As the season is transitioning, the light is softening into a gold elixir hazy dream experience, and the leaves are turning new and vibrant colors. The holly tree that produced small green berries in the summer heat, is offering red skins that deepen in color with each passing day. As lovely as these gem like berries are to witness, I see the small birds of the garden seeking them out for food as the days grow shorter. The bush is shaking quickly as the berries are being plucked by the titmouse. A part of me wants to say;
Moments like this make the transition time bittersweet.

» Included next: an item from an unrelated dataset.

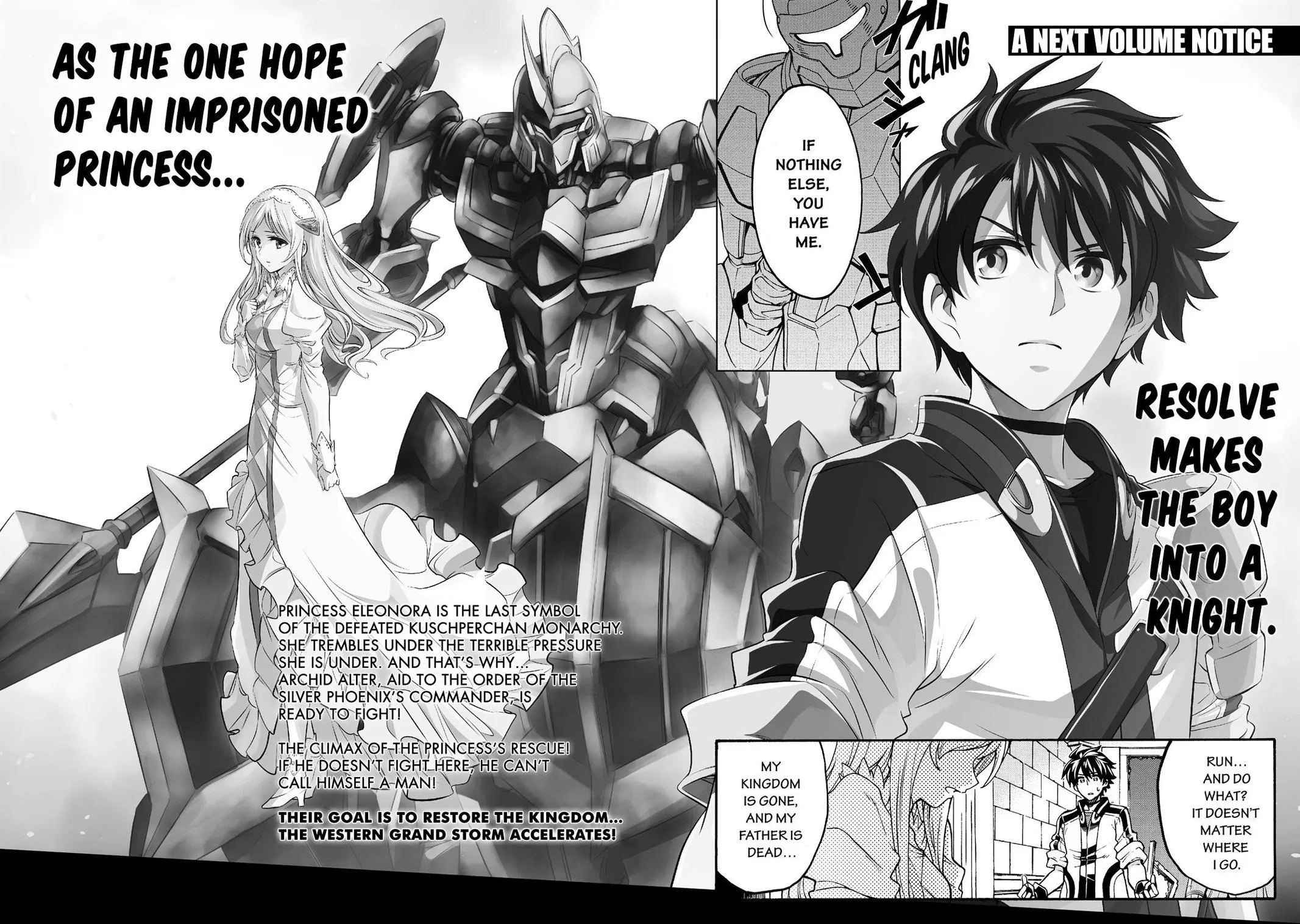 Read Knight's & Magic Manga Online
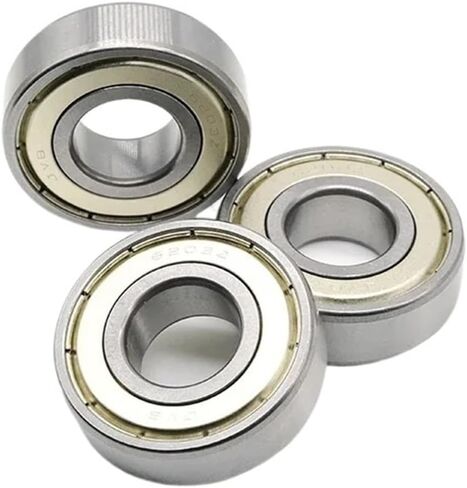 1Pcs 17x40x12mm Double Shielded Deep Groove Ball Bearing in Kuwait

I sometimes notice a little bit of deeper resistance in my own physiology as these changing season times emerge. I feel like these moments arise with a little bit of melancholy. The brief sadness is not because there is anything specific to be sad about, rather it is a passing of time kind of sadness.
Already the hummingbirds are actively feeding to prepare for their journeys to warmer climates.
The farmer's markets are coming to an end and the acorns are falling.
The first acorns fell last week, and my internal response was mixed. Delight for cooler weather and new colors but morose because the colored leaves will follow.
Today my felt sense was to lean into the transition with a more open heart and allow the details of change to be noticed rather than turning away from them with tension.
I am sharing pictures that I have taken in the past few weeks that have captured the delicate changes in colors, textures and intensities of the natural world.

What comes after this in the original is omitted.